Enfin , le réalisateur n'élude pas le caractère jusqu'au boutiste de l'armée impériale , notamment dans une scène où les Marines
parviennent à entrer dans un des bunkers et y découvrir le suicide des officiers.
La tournée des soldats peut paraître fade à côté de la bataille mais au contraire, elle enracine l'histoire dans un terreau
humain. En montrant l'absurdité de la situation (reconstituer un évènement guerrier pour récolter des fonds) mais en ne le dénonçant pas, Eastwood veut surtout montrer le rôle des médias dans une
guerre. Un des personnages devenus vieux dit "l'image de cet officier sud-vietnamien abatant à bout portant un Viet-Cong nous a fait perdre la guerre". Récemment, le conflit Israël-Hezbollah a
tourné en faveur de ses derniers, pourtant battus militairement mais sortant vainqueurs de la bataille des images.

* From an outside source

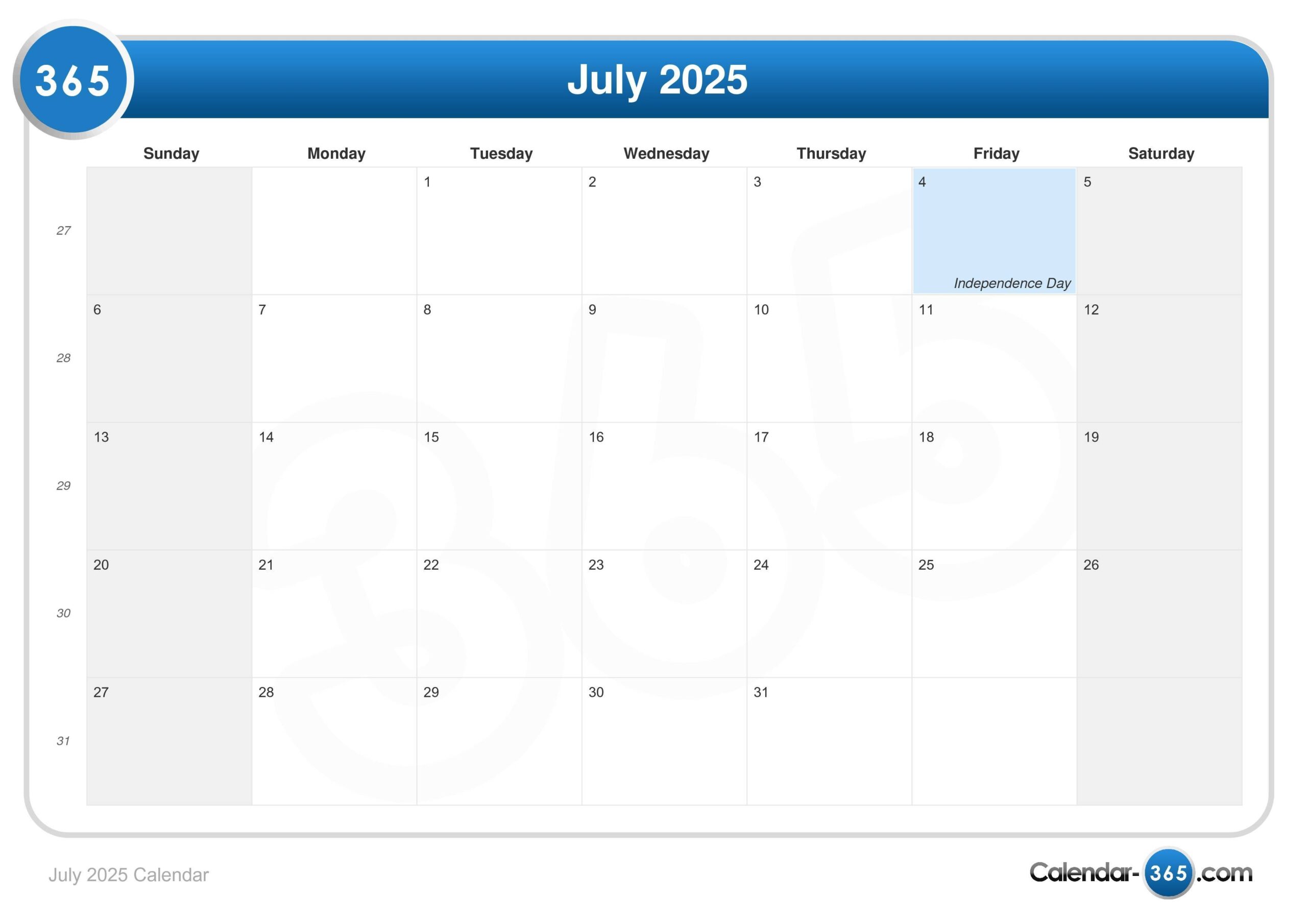 Calendar July 14 2025
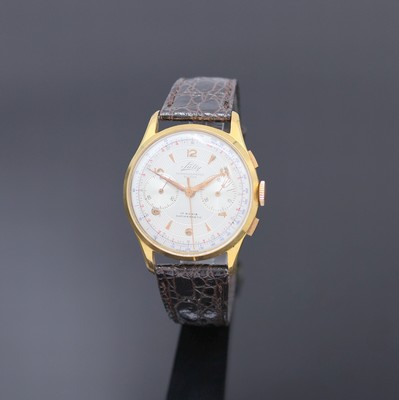 SULLY Chronographe Suisse vergoldeter Armbandchronograph, Schweiz um 1945, Handaufzug, 3-tlg. Geh., Glasrand u. Stahlboden aufgedr., silb. ...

L'enjeu autour de la photo et de son exploitation devient donc le thème central et justifie le titre US (les drapeaux de nos pères) du
film. Mais Eastwood n'hésite pas à montrer le destin de ces "héros" d'un jour , abandonnés aux lendemains du conflit après avoir goûté à la gloire, la destinée la plus tragique étant
incarnée dans les remords du soldat amérindien(Adam Beach), ainsi que son impossibilité à trouver sa place (rejeté par les siens, il est en butte à un certain racisme des WASP) . Cette dernière
partie triste et mélancolique achève de faire de Mémoires de nos pères , un très grand film.
A grand film, grands acteurs. Si Ryan Philippe , Jesse Bradford et Adam Beach sont excellents dans leur rôle torturé, les seconds
rôles ne sont pas en reste. Barry Pepper (déjà présent dans Il faut sauver le soldat Ryan) est fabuleux en meneur d'hommes et son visage taillé à la serpe en font le candidat idéal pour ce type
de rôle. Il évoque le Jack Pallance de la grande époque. Robert Patrick retrouve aussi un rôle à la mesure de son talent, en organisant cette tournée à laquelle il ne croit pas vraiment. En fait,
il sait qu'il y a une manipulation mais il entend la faire pour la bonne cause : trouver l'argent qui permettra de gagner la guerre.
Notons aussi David Patrick Kelly dans le rôle du président Truman. Comme le fait remarquer Mojo (un intervenant de l'excellent
forum Dvdvision.Café), Kelly qui joua autrefois l'un des voyous du film de Walter Hill, Les guerriers de la nuit, se voit ainsi spectaculairement réhabilité socialement !!
Mémoires de nos pères et donc le choc de cette fin d'année. Un film extraordinaire doublée d'une mise en scène d'une grande rigueur.
Et qu'importe si le succès n'est pas au rendez vous, le cinéma est empli de films qui ne furent pas compris à leur sortie.